* [What to work on]
The answer must be an exact copy of the records, with every picture left out.

* [Data section]

▶

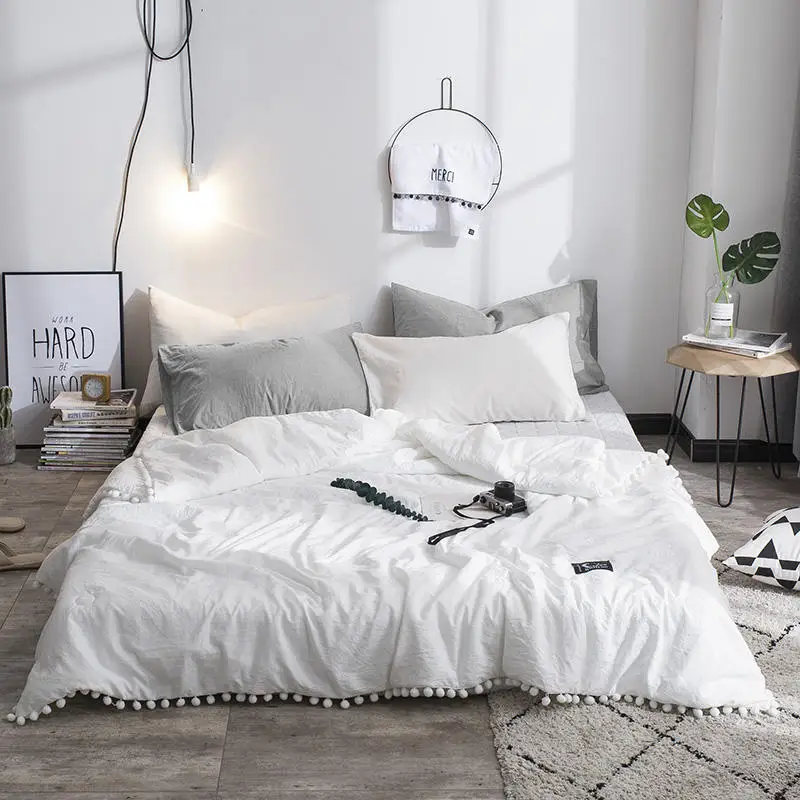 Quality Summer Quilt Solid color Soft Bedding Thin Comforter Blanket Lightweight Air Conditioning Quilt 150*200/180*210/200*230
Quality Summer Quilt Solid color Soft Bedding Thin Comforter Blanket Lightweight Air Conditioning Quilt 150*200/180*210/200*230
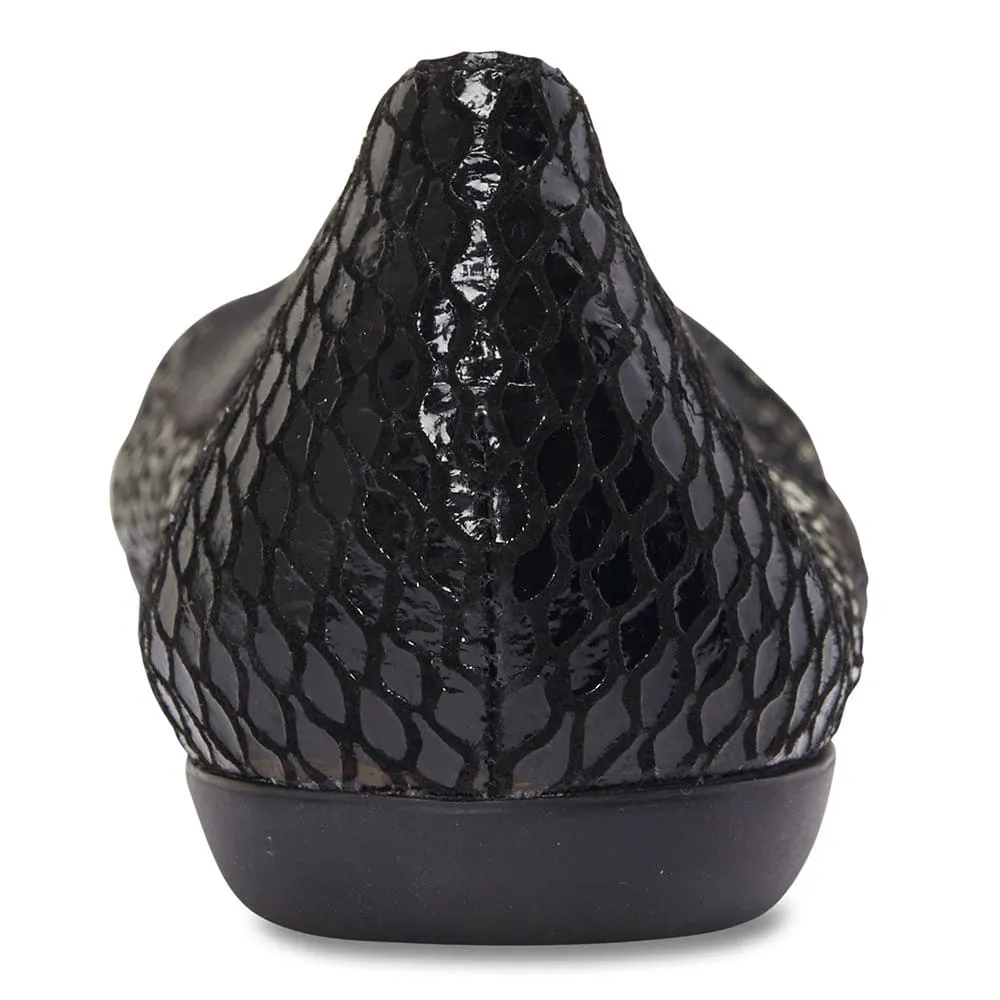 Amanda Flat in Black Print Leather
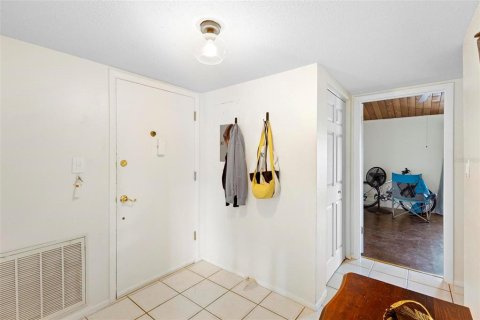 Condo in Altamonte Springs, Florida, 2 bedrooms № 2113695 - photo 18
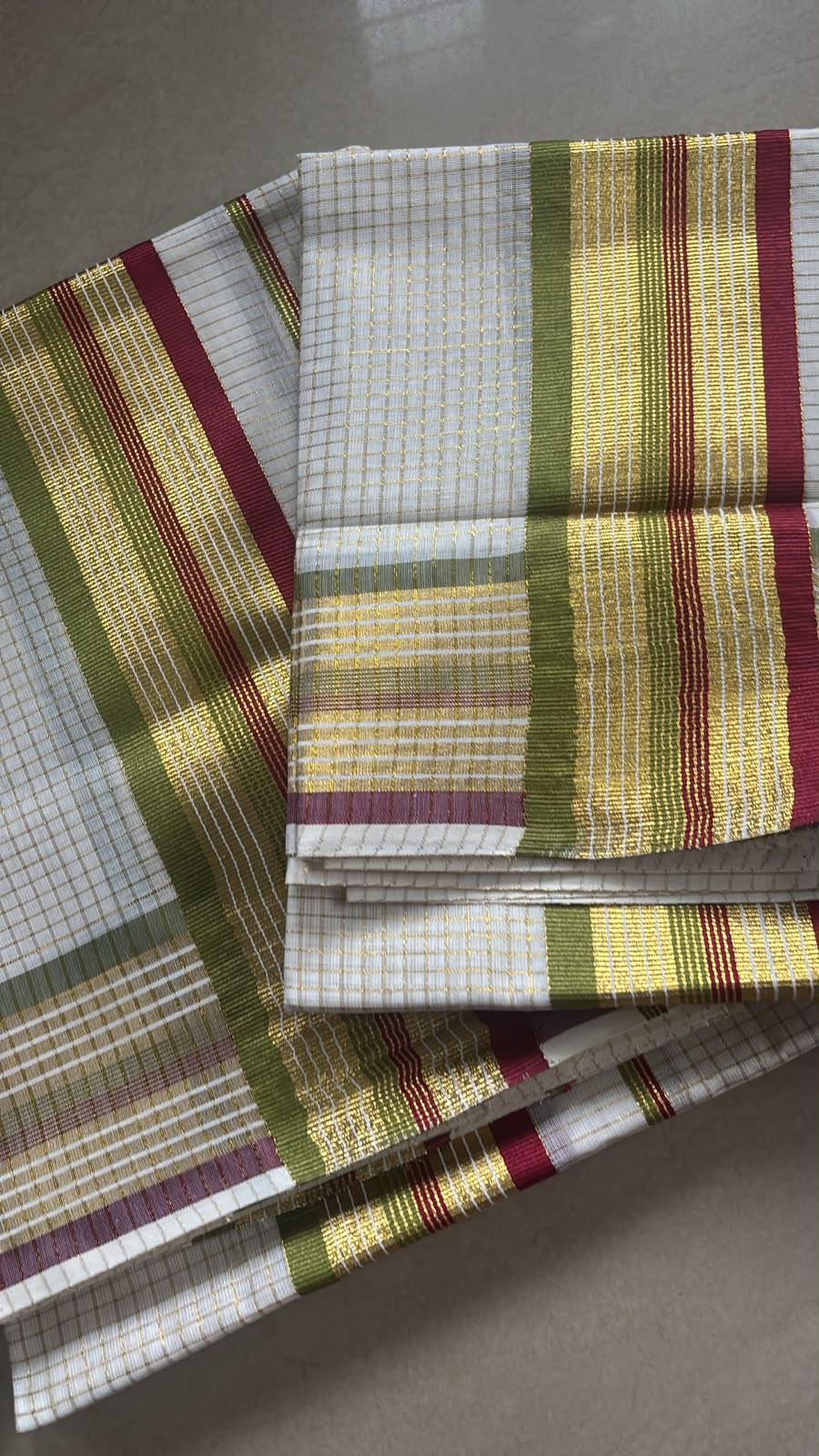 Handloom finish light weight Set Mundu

◀

* [Output for this exercise]
 Quality Summer Quilt Solid color Soft Bedding Thin Comforter Blanket Lightweight Air Conditioning Quilt 150*200/180*210/200*230
Quality Summer Quilt Solid color Soft Bedding Thin Comforter Blanket Lightweight Air Conditioning Quilt 150*200/180*210/200*230
 Amanda Flat in Black Print Leather
 Condo in Altamonte Springs, Florida, 2 bedrooms № 2113695 - photo 18
 Handloom finish light weight Set Mundu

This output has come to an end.